But Cowper could pour out his whole soul in sacred invective and indignant rebuke of all forms of sacrilege and impiety, and could impress, in verse, all compact with thought and earnestness, the sanctifying and beloved themes of the gospel that inspired his heart. There was neither hesitation nor shrinking here, no disguise nor mitigation, no qualifying nor softening of the truth; but with the utmost plainness and point it was applied to the heart and conscience. With a dignity and power above all mere rhetoric, with a simplicity and terseness of speech that did not admit the possibility of being misunderstood, he presented in his poem on "Truth," the much-abused and derided doctrine of justification by faith in an atoning Saviour. With what unexpected power and pungency, and, at the same time, beauty, does that admirable poem open!

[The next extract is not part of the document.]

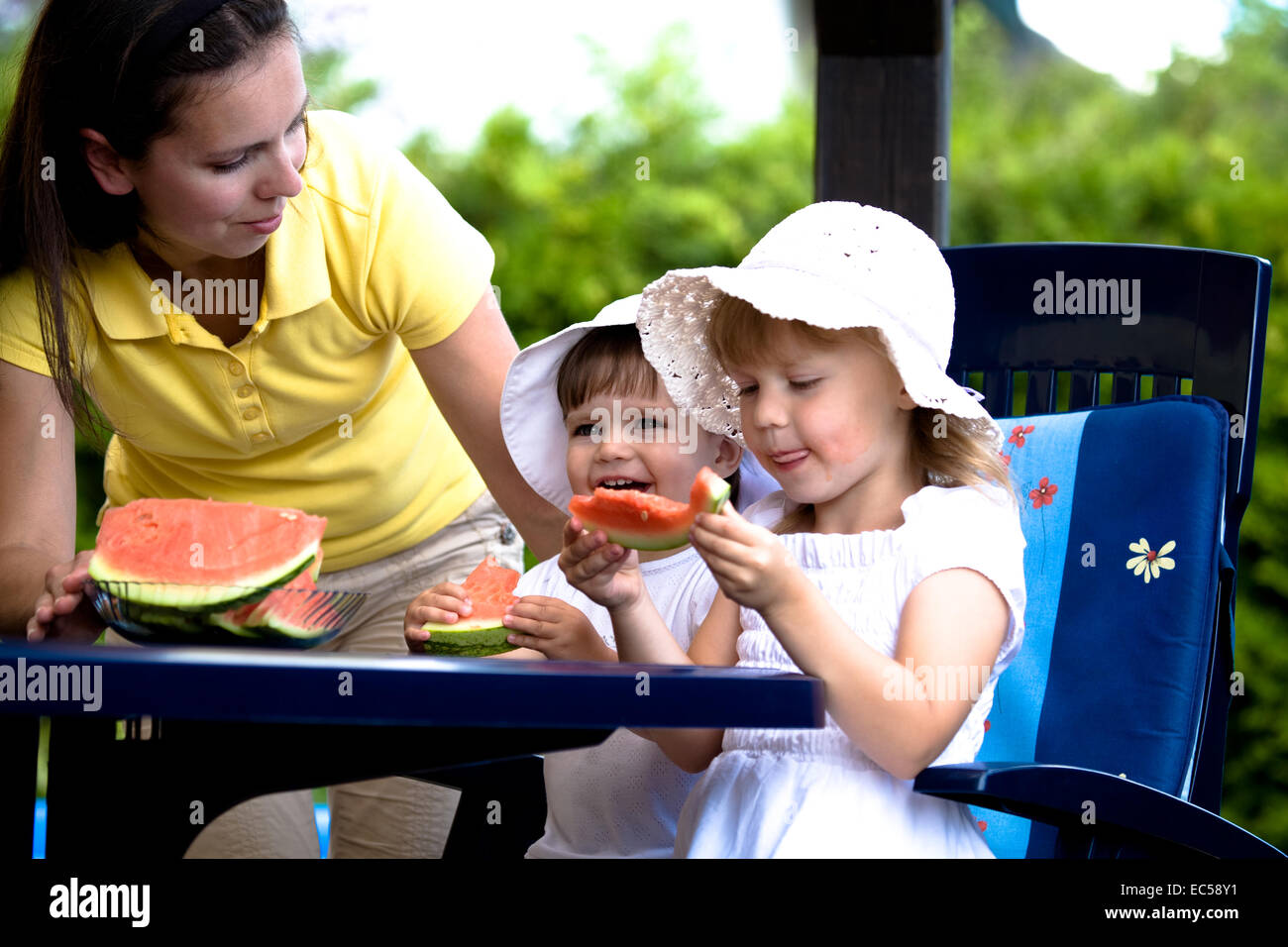 Un closeup portrait de deux jeunes sœurs leur mère manger pastèque mûre dans le jardin d'été Banque D'Images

"Man, on the dubious waves of error toss'd,

His ship half founder'd, and his compass lost,
Sees, far as human optics may command,
A sleeping fog, and fancies it dry land;
Spreads all his canvas, every sinew plies;
Pants for it, aims at it, enters it, and dies!

142

PUNGENCY OF TRUTH.

Then farewell all self-satisfying schemes,
His well-built systems, philosophic dreams;
Deceitful views of future bliss, farewell!
He reads his sentence at the flames of hell.
"Hard lot of man-to toil for the reward

Of virtue, and yet lose it! Wherefore hard?
He that would win the race must guide his horse
Obedient to the customs of the course;

Else, though unequall'd to the goal he flies,

A meaner than himself shall gain the prize.

Grace leads the right way: if you choose the wrong,
Take it, and perish; but restrain your tongue;
Charge not, with light sufficient, and left free,
Your wilful suicide on God's decree."

With what convincing clearness of argument and beauty of illustration does he shew the worthlessness of all hope but that which, as an anchor to the soul, sure and steadfast, is cast within the vail. Every confidence of heaven is dismissed as imaginary and vain, whatever sect may rear, protect, and nourish it,

"If wild in nature, and not duly found,
Gethsemane, in thy dear hallow'd ground!"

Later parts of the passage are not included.